Yes, you can take clindamycin while breastfeeding. It is not a reason to stop nursing. However, small amounts do pass into breast milk and can affect your baby’s gut, so it’s worth understanding what to watch for and whether an alternative antibiotic might work just as well for your situation.
How Much Reaches Your Baby
When you take clindamycin by mouth or receive it intravenously, small amounts end up in your breast milk. Research published in the British Journal of Clinical Pharmacology found that milk concentrations ranged from one-tenth to several times the level found in the mother’s blood at the same time. That’s a wide range, and the actual dose your baby receives is still low relative to their body weight, but it’s enough to potentially disrupt the bacterial balance in their digestive system.
The route matters a lot. Topical clindamycin, the kind used for acne, absorbs minimally through the skin and is unlikely to reach breast milk in meaningful amounts. Vaginal clindamycin falls somewhere in between: about 30% of a vaginal dose gets absorbed into the bloodstream, but infant side effects from vaginal use are still considered unlikely.

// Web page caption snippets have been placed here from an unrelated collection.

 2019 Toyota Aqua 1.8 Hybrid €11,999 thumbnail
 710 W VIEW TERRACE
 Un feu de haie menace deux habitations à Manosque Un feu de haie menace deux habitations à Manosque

What to Watch for in Your Baby
The main concern isn’t toxicity. It’s that even tiny amounts of an antibiotic can shift the balance of bacteria in a newborn’s gut. The signs to keep an eye on include:
- Diarrhea: looser, more frequent stools than your baby’s normal pattern
- Thrush: white patches inside the mouth that don’t wipe away easily
- Diaper rash: a yeast-related rash that’s bright red, sometimes with satellite spots, and doesn’t respond to regular diaper cream
- Blood in the stool: this is rare but is the most serious warning sign, potentially indicating antibiotic-associated colitis
In one reported case, a 5-day-old breastfed infant developed bloody stools while the mother was receiving high-dose intravenous clindamycin along with another antibiotic. Cases like this are uncommon, but they illustrate why monitoring matters, especially with younger newborns and higher doses.
Most of these side effects resolve once the mother finishes her course of antibiotics. If your baby develops persistent diarrhea or you notice blood in the stool, that warrants a prompt call to your pediatrician.

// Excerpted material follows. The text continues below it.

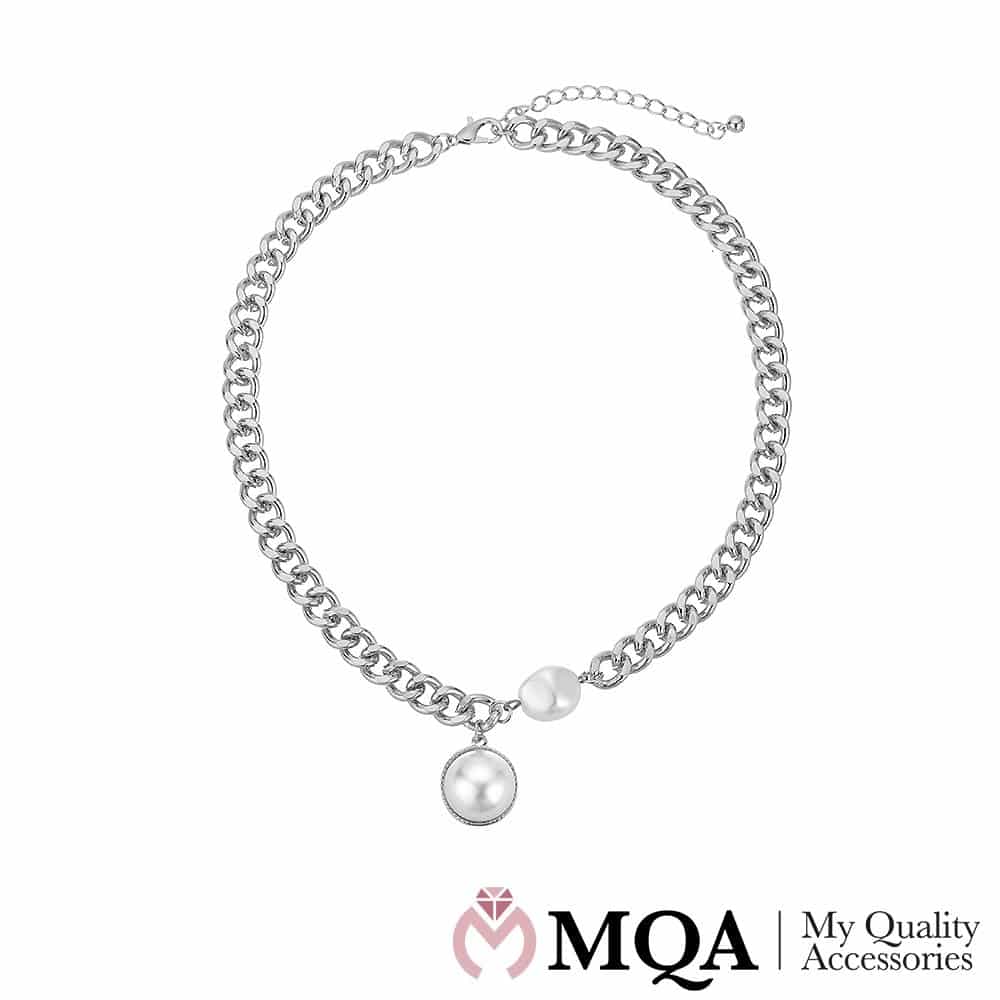 Sølvfarget halskjede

Topical Use Has Extra Considerations
If you’re using a topical clindamycin product for acne or a skin infection, the amount that enters your bloodstream and milk is minimal. The bigger concern is direct contact: if you apply clindamycin gel or cream to your breast or chest area, your baby could ingest it while nursing.
If you do need to apply clindamycin near the breast, stick to water-based formulations like gels, foams, or liquid solutions rather than ointments. Ointment bases contain mineral paraffins, and a baby who licks the area could be exposed to high levels of those compounds. Washing the area before nursing also helps reduce direct ingestion.
Alternatives Worth Discussing
Because clindamycin carries that small but real risk of disrupting an infant’s gut flora, the LactMed database (maintained by the National Institutes of Health) lists several alternatives depending on what you’re being treated for. For general infections, options like amoxicillin-clavulanate, erythromycin, or doxycycline may be preferred. For bacterial vaginosis, metronidazole is a common substitute. For acne, topical options like benzoyl peroxide, azelaic acid, or topical erythromycin are considered lower risk during breastfeeding.
That said, sometimes clindamycin is the right antibiotic for your specific infection, particularly if you have a penicillin allergy or are dealing with certain resistant bacteria. In those cases, the benefit of treating the infection outweighs the small risk to the baby, and you don’t need to pump and dump or switch to formula.
Practical Steps While on Clindamycin
If you and your prescriber decide clindamycin is the best choice, a few practical things can help. Pay close attention to your baby’s stool patterns starting from your first dose. Take a photo if something looks unusual so you can show the pediatrician. Keep track of whether your baby seems fussier than normal during feeds or between them, since abdominal discomfort from gut changes can show up as general irritability.
Probiotic supplementation for yourself or your baby is sometimes suggested by providers in this situation, though evidence on whether it prevents antibiotic-related gut disruption in breastfed infants is limited. It’s a reasonable conversation to have with your pediatrician if your course of clindamycin is longer than a few days. Most oral courses run 7 to 10 days, and the vast majority of breastfed infants tolerate maternal use without any noticeable symptoms.